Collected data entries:
┌──
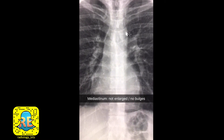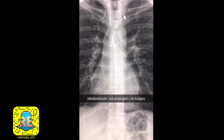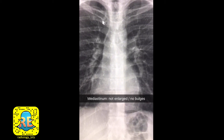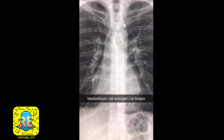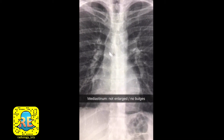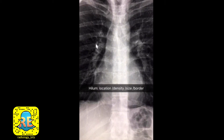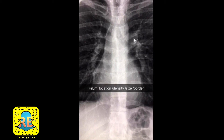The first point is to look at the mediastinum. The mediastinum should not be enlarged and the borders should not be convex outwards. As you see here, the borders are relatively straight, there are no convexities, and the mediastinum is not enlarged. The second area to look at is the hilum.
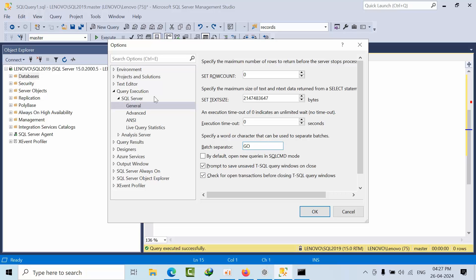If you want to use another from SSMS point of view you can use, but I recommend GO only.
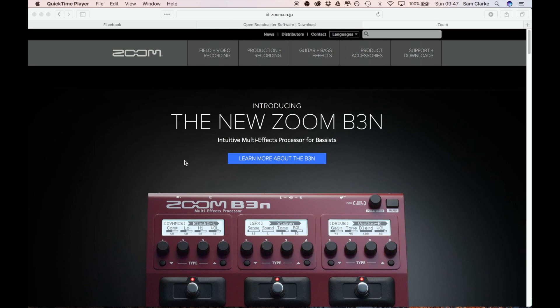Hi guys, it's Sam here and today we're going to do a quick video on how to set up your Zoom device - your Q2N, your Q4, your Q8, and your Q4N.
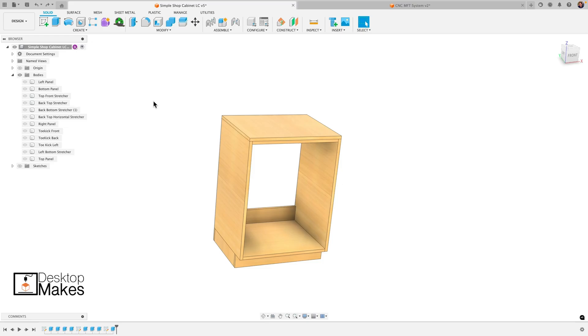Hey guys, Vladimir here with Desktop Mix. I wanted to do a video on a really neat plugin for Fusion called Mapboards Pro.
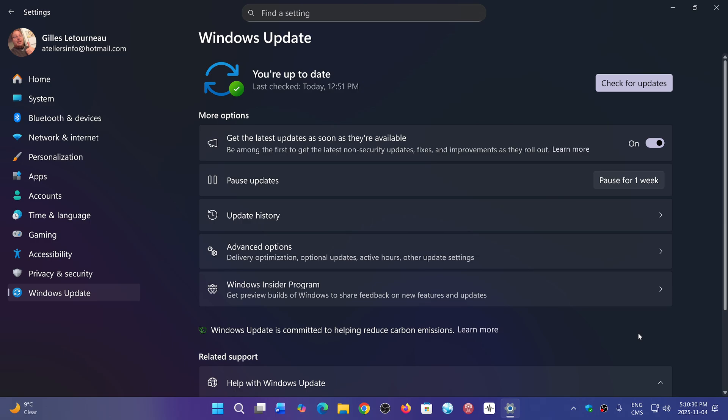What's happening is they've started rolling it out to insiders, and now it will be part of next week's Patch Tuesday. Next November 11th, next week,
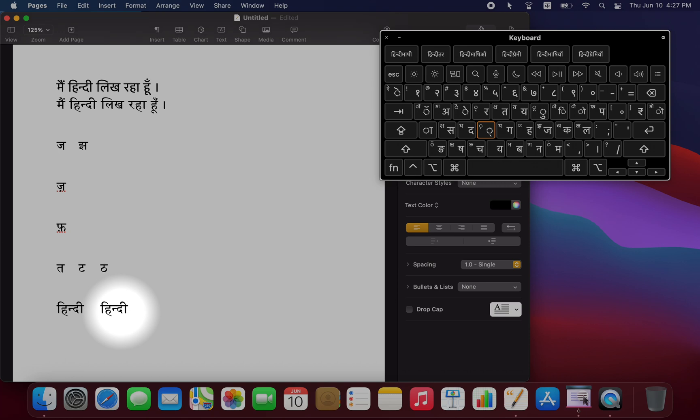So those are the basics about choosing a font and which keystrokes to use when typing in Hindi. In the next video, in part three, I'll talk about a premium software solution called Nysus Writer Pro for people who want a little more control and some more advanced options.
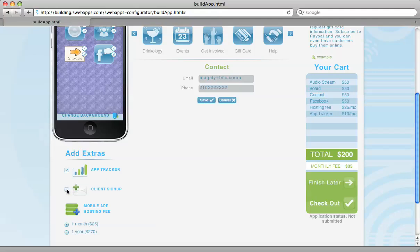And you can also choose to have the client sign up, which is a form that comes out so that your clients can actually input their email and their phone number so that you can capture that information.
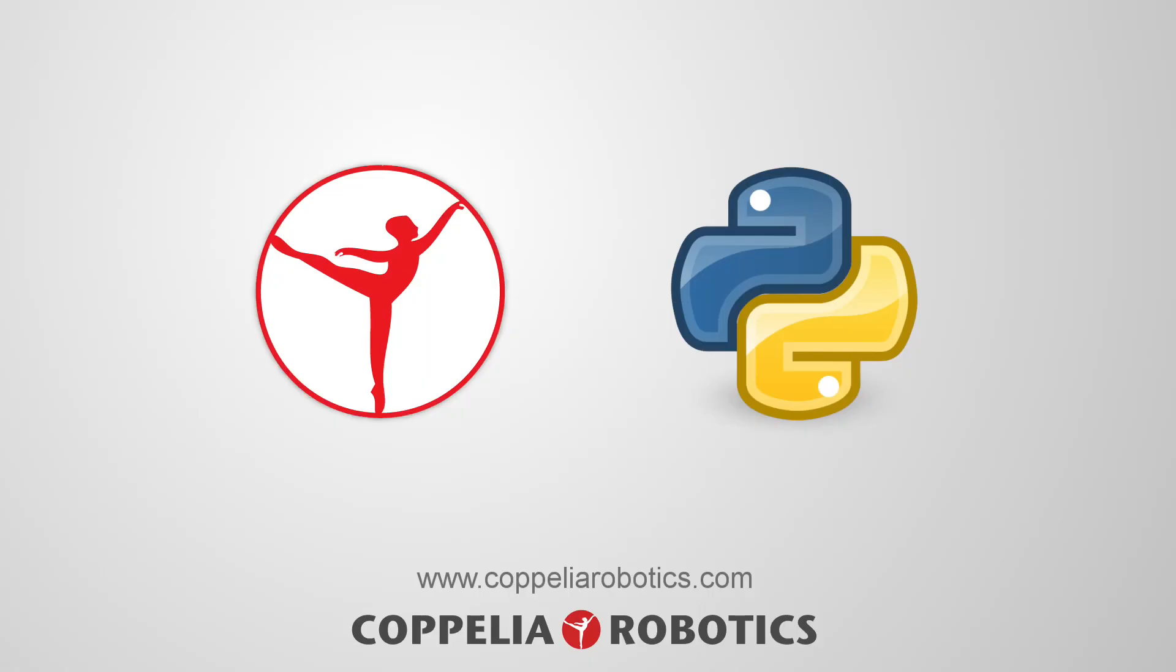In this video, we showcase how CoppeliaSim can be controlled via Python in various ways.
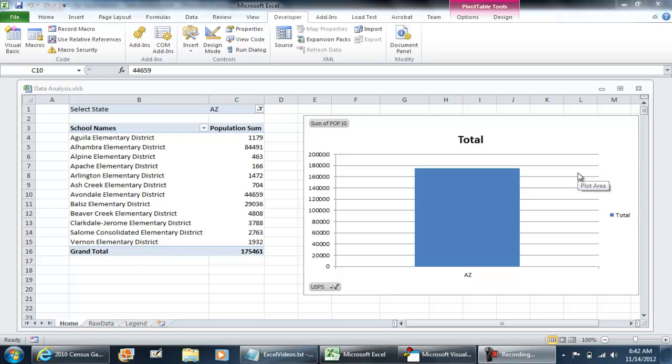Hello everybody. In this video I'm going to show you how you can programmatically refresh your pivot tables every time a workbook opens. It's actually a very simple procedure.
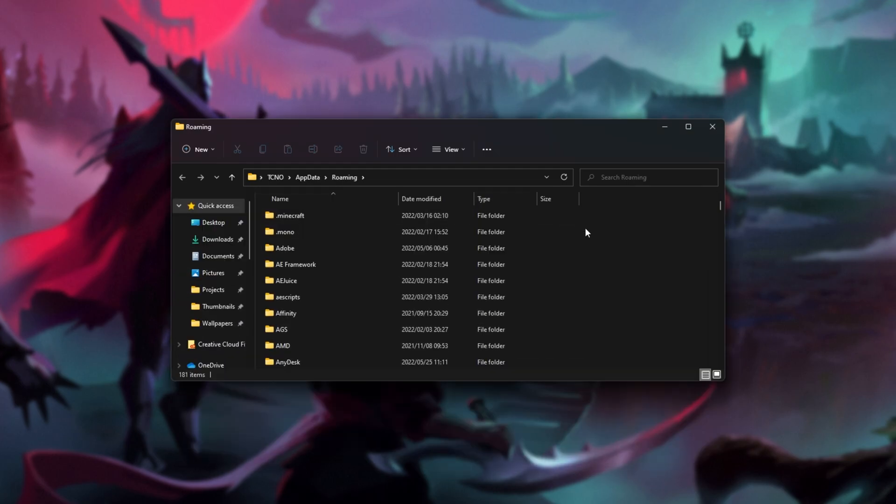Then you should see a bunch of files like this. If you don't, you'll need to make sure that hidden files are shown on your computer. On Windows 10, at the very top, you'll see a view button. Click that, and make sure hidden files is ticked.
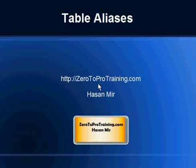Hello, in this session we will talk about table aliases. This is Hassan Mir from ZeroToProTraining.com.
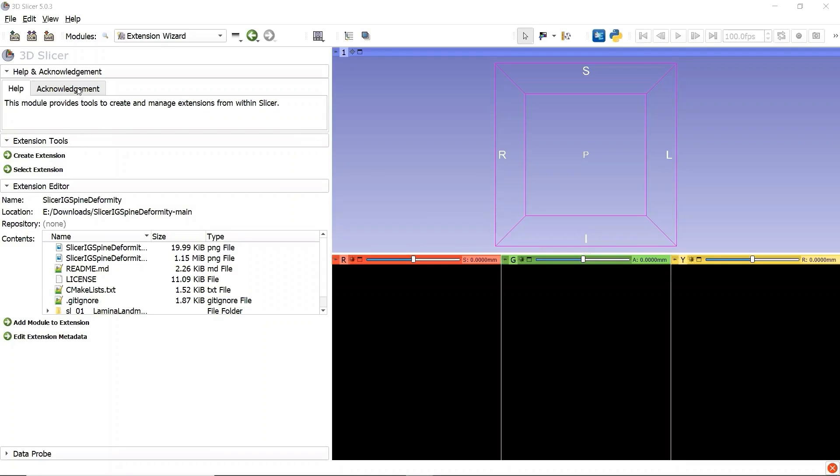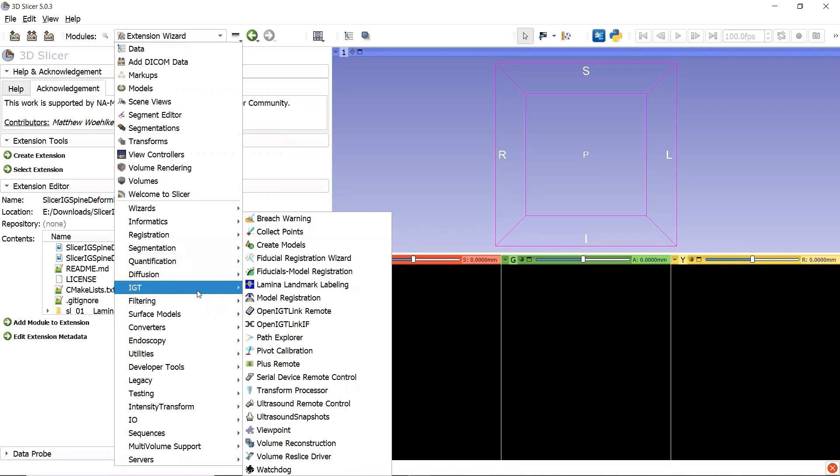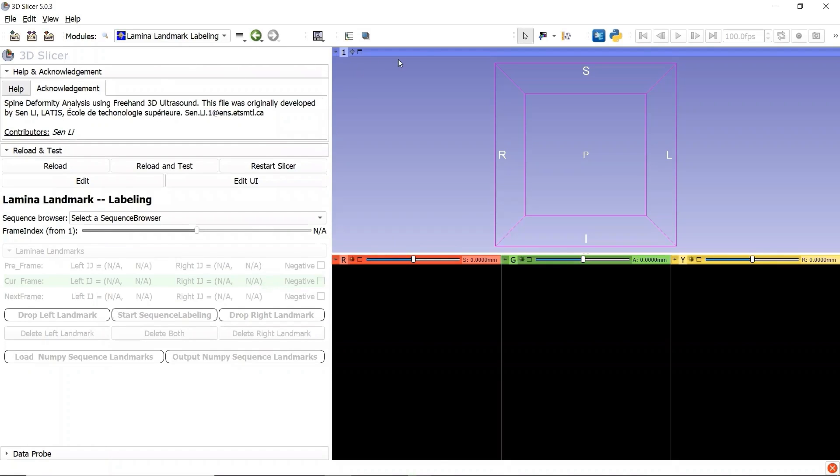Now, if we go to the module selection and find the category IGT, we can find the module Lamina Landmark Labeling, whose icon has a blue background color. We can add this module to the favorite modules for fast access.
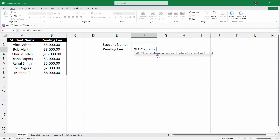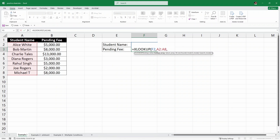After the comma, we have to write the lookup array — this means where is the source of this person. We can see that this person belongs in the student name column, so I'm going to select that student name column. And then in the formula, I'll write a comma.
└──
ABOUT THIS EXERCISE: With the pictures dropped, give every entry above again exactly.

WRITTEN ANSWER:
The first point is to look at the mediastinum. The mediastinum should not be enlarged and the borders should not be convex outwards. As you see here, the borders are relatively straight, there are no convexities, and the mediastinum is not enlarged. The second area to look at is the hilum.
If you want to use another from SSMS point of view you can use, but I recommend GO only.
Hi guys, it's Sam here and today we're going to do a quick video on how to set up your Zoom device - your Q2N, your Q4, your Q8, and your Q4N.
Hey guys, Vladimir here with Desktop Mix. I wanted to do a video on a really neat plugin for Fusion called Mapboards Pro.
What's happening is they've started rolling it out to insiders, and now it will be part of next week's Patch Tuesday. Next November 11th, next week,
So those are the basics about choosing a font and which keystrokes to use when typing in Hindi. In the next video, in part three, I'll talk about a premium software solution called Nysus Writer Pro for people who want a little more control and some more advanced options.
And you can also choose to have the client sign up, which is a form that comes out so that your clients can actually input their email and their phone number so that you can capture that information.
In this video, we showcase how CoppeliaSim can be controlled via Python in various ways.
Hello everybody. In this video I'm going to show you how you can programmatically refresh your pivot tables every time a workbook opens. It's actually a very simple procedure.
Then you should see a bunch of files like this. If you don't, you'll need to make sure that hidden files are shown on your computer. On Windows 10, at the very top, you'll see a view button. Click that, and make sure hidden files is ticked.
Hello, in this session we will talk about table aliases. This is Hassan Mir from ZeroToProTraining.com.
Now, if we go to the module selection and find the category IGT, we can find the module Lamina Landmark Labeling, whose icon has a blue background color. We can add this module to the favorite modules for fast access.
After the comma, we have to write the lookup array — this means where is the source of this person. We can see that this person belongs in the student name column, so I'm going to select that student name column. And then in the formula, I'll write a comma.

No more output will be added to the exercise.